Wednesday, April 14

Donald Trump’s responses directly led to violence, claims UK’s Priti Patel

Donald Trump’s responses directly led to violence, claims UK’s Priti Patel


LONDON: British residence secretary Priti Patel on Thursday condemned the “terrible” scenes of riots on the Capitol Hill in Washington DC and blamed US President Donald Trump for the violence that resulted in four deaths in clashes concerning protesters and American law enforcement.
The senior cabinet minister explained to the BBC that it was the outgoing President’s text that fuelled the violence and accused Trump of performing almost nothing “de-escalate that”.
“His comments directly led to the violence, and so significantly he has failed to condemn that violence and that is completely improper,” claimed Patel.
“He fundamentally has built a variety of opinions yesterday that served to gas that violence and he did not actually do everything to de-escalate that by any means what we’ve observed is absolutely unacceptable,” she mentioned.
Hundreds of professional-Trump supporters stormed the Capitol on Wednesday – in which lawmakers were meeting to ensure Biden’s election victory – and staged an profession of the constructing in Washington DC just after he built quite a few statements of electoral fraud. The two chambers of Congress were being pressured into recess, as protesters clashed with law enforcement and tear gas was launched.
On Thursday, a White House spokesperson issued a Twitter statement to say there will be an “orderly changeover” to Democrat President-elect Joe Biden, whose November 2020 election victory has due to the fact been by US lawmakers.
“Disgraceful scenes in US Congress.
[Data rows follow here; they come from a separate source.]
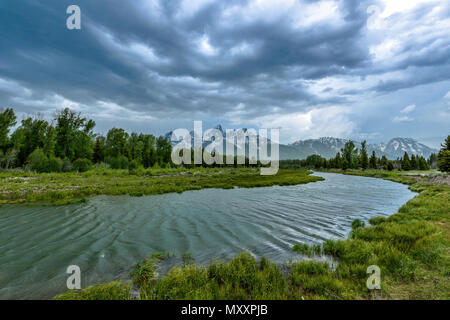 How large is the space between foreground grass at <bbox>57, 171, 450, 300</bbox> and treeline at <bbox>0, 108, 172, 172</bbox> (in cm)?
5953

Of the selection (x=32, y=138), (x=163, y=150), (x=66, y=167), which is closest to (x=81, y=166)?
(x=66, y=167)

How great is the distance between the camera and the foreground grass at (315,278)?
4.64m

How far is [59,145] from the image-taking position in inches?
2347

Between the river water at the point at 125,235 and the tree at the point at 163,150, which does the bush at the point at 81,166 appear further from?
the river water at the point at 125,235

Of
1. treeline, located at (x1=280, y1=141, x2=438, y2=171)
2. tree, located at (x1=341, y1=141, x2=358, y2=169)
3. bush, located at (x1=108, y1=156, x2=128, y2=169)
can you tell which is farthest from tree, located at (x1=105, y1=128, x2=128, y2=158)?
tree, located at (x1=341, y1=141, x2=358, y2=169)

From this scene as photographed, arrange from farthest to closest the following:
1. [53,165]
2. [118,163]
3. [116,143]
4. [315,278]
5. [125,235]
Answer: [116,143]
[118,163]
[53,165]
[125,235]
[315,278]

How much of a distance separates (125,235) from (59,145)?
7337 centimetres

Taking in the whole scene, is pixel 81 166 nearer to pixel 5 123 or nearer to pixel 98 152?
pixel 5 123

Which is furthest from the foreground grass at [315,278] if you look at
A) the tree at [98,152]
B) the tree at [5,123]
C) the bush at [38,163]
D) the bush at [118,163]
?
the tree at [98,152]

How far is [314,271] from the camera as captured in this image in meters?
5.86

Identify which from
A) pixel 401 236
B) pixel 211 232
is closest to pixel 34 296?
pixel 211 232

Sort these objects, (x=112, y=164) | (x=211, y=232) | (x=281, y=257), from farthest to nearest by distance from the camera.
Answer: (x=112, y=164) < (x=211, y=232) < (x=281, y=257) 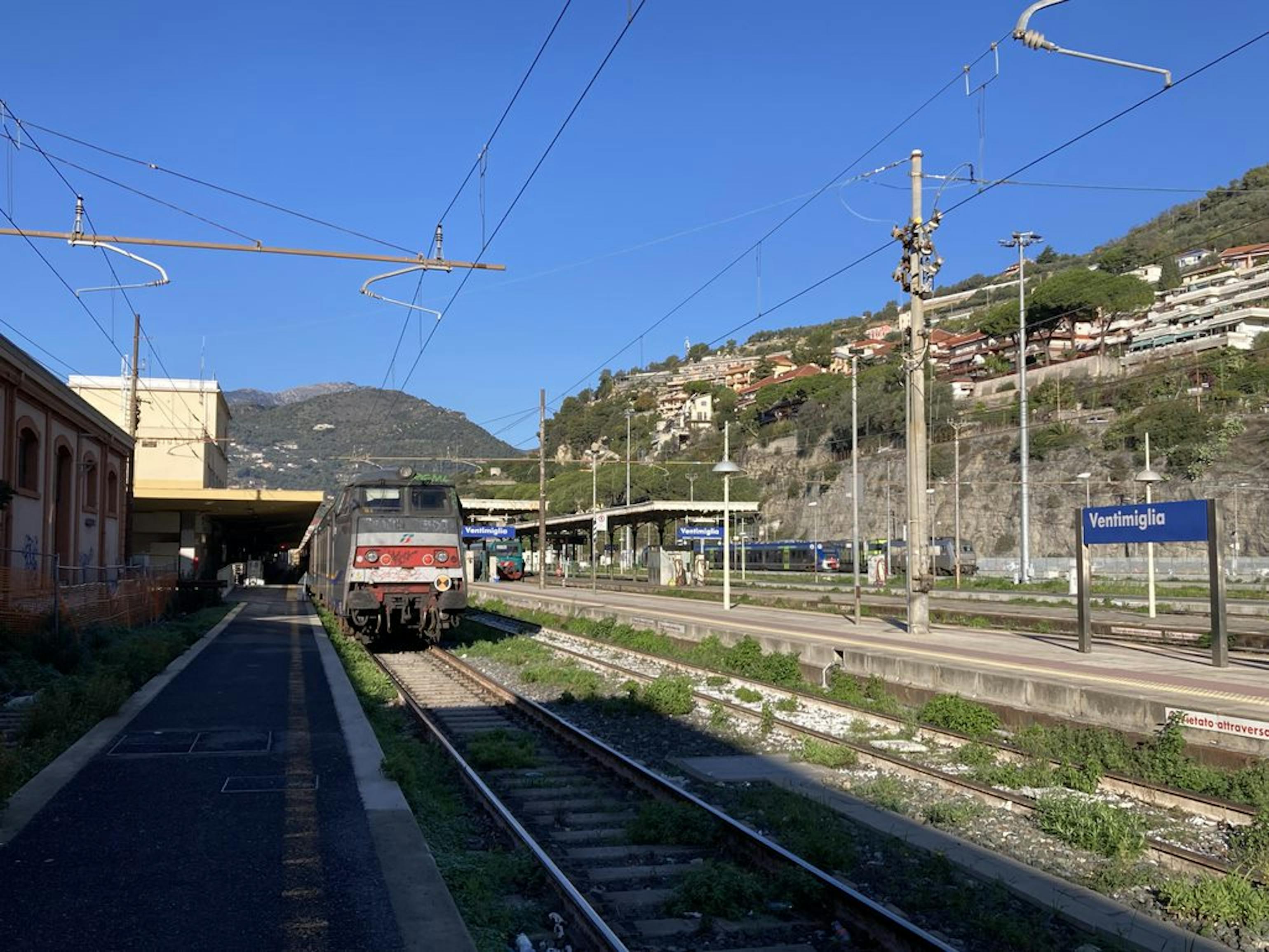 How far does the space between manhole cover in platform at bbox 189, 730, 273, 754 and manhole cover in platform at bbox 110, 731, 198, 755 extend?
95mm

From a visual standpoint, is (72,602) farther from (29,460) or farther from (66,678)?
(29,460)

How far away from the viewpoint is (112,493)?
124ft

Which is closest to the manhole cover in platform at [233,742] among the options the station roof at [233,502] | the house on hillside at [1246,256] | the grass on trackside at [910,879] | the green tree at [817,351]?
the grass on trackside at [910,879]

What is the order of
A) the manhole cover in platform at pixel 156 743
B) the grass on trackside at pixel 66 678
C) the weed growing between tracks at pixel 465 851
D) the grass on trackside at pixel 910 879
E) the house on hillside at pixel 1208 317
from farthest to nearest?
the house on hillside at pixel 1208 317
the manhole cover in platform at pixel 156 743
the grass on trackside at pixel 66 678
the weed growing between tracks at pixel 465 851
the grass on trackside at pixel 910 879

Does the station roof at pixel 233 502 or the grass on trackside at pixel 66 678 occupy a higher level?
the station roof at pixel 233 502

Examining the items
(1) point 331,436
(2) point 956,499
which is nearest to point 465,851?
(2) point 956,499

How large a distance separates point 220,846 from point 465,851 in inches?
65.2

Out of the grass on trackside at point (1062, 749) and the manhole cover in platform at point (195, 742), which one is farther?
the manhole cover in platform at point (195, 742)

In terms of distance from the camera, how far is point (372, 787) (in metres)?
8.80

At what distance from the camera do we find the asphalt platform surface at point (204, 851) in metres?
5.62

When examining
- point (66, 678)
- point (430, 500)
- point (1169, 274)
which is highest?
point (1169, 274)

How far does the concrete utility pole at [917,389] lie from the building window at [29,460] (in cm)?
2075

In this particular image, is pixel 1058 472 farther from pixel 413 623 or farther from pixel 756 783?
pixel 756 783

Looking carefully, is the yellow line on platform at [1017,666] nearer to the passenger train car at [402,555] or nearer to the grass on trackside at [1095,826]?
the grass on trackside at [1095,826] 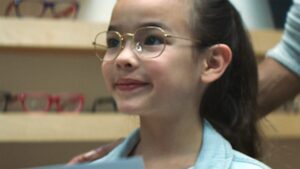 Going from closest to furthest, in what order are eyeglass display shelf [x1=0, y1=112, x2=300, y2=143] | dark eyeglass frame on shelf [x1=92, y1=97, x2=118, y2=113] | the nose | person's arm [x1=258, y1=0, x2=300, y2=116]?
1. the nose
2. person's arm [x1=258, y1=0, x2=300, y2=116]
3. eyeglass display shelf [x1=0, y1=112, x2=300, y2=143]
4. dark eyeglass frame on shelf [x1=92, y1=97, x2=118, y2=113]

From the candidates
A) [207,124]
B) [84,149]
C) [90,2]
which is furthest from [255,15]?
[207,124]

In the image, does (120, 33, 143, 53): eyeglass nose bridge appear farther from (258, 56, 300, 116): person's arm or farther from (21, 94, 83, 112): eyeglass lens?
(21, 94, 83, 112): eyeglass lens

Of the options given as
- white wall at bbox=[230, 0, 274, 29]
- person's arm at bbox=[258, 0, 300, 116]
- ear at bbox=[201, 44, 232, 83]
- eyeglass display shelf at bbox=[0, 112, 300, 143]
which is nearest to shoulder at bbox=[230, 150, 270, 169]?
ear at bbox=[201, 44, 232, 83]

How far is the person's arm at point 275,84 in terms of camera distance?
0.96 meters

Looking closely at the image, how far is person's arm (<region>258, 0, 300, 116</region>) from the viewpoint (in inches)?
37.3

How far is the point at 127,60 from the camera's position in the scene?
25.6 inches

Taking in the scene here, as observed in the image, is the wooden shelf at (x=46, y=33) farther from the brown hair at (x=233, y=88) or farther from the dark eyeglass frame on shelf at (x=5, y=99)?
the brown hair at (x=233, y=88)

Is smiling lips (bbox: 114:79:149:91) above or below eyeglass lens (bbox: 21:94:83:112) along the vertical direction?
above

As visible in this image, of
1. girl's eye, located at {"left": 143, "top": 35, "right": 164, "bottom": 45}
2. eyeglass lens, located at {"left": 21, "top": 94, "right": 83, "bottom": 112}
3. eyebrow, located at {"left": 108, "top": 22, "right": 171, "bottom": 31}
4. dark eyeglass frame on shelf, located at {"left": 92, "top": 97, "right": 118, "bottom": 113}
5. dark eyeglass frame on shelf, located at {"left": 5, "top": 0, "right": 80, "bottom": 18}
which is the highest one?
eyebrow, located at {"left": 108, "top": 22, "right": 171, "bottom": 31}

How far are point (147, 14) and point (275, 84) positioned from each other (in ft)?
1.21

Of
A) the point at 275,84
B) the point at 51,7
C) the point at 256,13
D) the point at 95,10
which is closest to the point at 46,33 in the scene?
the point at 51,7

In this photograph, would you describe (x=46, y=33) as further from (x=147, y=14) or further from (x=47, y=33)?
(x=147, y=14)

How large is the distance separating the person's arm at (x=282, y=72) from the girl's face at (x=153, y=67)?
28cm

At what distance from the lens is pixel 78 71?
144cm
The United States stands for democracy close to the world and it is now vital that there must be a peaceful and orderly transfer of ability,” Prime Minister Boris Johnson reported in a Twitter statement.
United kingdom overseas secretary Dominic Raab said there was “no justification for these violent tries to frustrate the lawful and appropriate transition of energy”.
The condemnation of the scenes in the US money was cross-occasion in the British isles, with Labour chief Sir Keir Starmer stating it was a “direct assault on democracy”, even though Scottish very first minister Nicola Sturgeon referred to as the activities “totally horrifying”.
A mate of President Trump and chief of the Brexit Party which has now reworked to Reform Uk, Nigel Farage, also tweeted: “Storming Capitol Hill is incorrect. The protesters need to leave.”